- Motion. The motion of a particle through some space can be considered to be a signal, or can be represented by a signal. The domain of a motion signal is one-dimensional (time), and the range is generally three-dimensional. Position is thus a 3-vector signal; position and orientation is a 6-vector signal.
- Sound. Since a sound is a vibration of a medium (such as air), a sound signal associates a pressure value to every value of time and three space coordinates. A microphone converts sound pressure at some place to just a function of time, using a voltage signal as an analog of the sound signal.
- Compact discs (CDs). CDs contain discrete signals representing sound, recorded at 44,100 samples per second. Each sample contains data for a left and right channel, which may be considered to be a 2-vector signal (since CDs are recorded in stereo).
- Pictures. A picture assigns a color value to each of a set of points. Since the points lie on a plane, the domain is two-dimensional. If the picture is a physical object, such as a painting, it's a continuous signal. If the picture is a digital image, it's a discrete signal. It's often convenient to represent color as the sum of the intensities of three primary colors, so that the signal is vector-valued with dimension three.
- Videos. A video signal is a sequence of images. A point in a video is identified by its position (two-dimensional) and by the time at which it occurs, so a video signal has a three-dimensional domain. Analog video has one continuous domain dimension (across a scan line) and two discrete dimensions (frame and line).

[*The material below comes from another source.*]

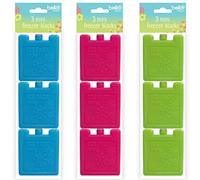 RSW International LTD 3 Mini Freezer Ice Blocks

- Biological membrane potentials. The value of the signal is a straightforward electric potential ("voltage"). The domain is more difficult to establish. Some cells or organelles have the same membrane potential throughout; neurons generally have different potentials at different points. These signals have very low energies, but are enough to make nervous systems work; they can be measured in aggregate by the techniques of electrophysiology.
Frequency analysis
Main article: Frequency domain
Signals are often analyzed or modeled in terms of their frequency spectrum. Frequency domain techniques are applicable to all signals, both continuous-time and discrete-time. If a signal is passed through an LTI system, the frequency spectrum of the resulting output signal is the product of the frequency spectrum of the original input signal and the frequency response of the system.
Entropy
Another important property of a signal (actually, of a statistically defined class of signals) is its entropy or information content.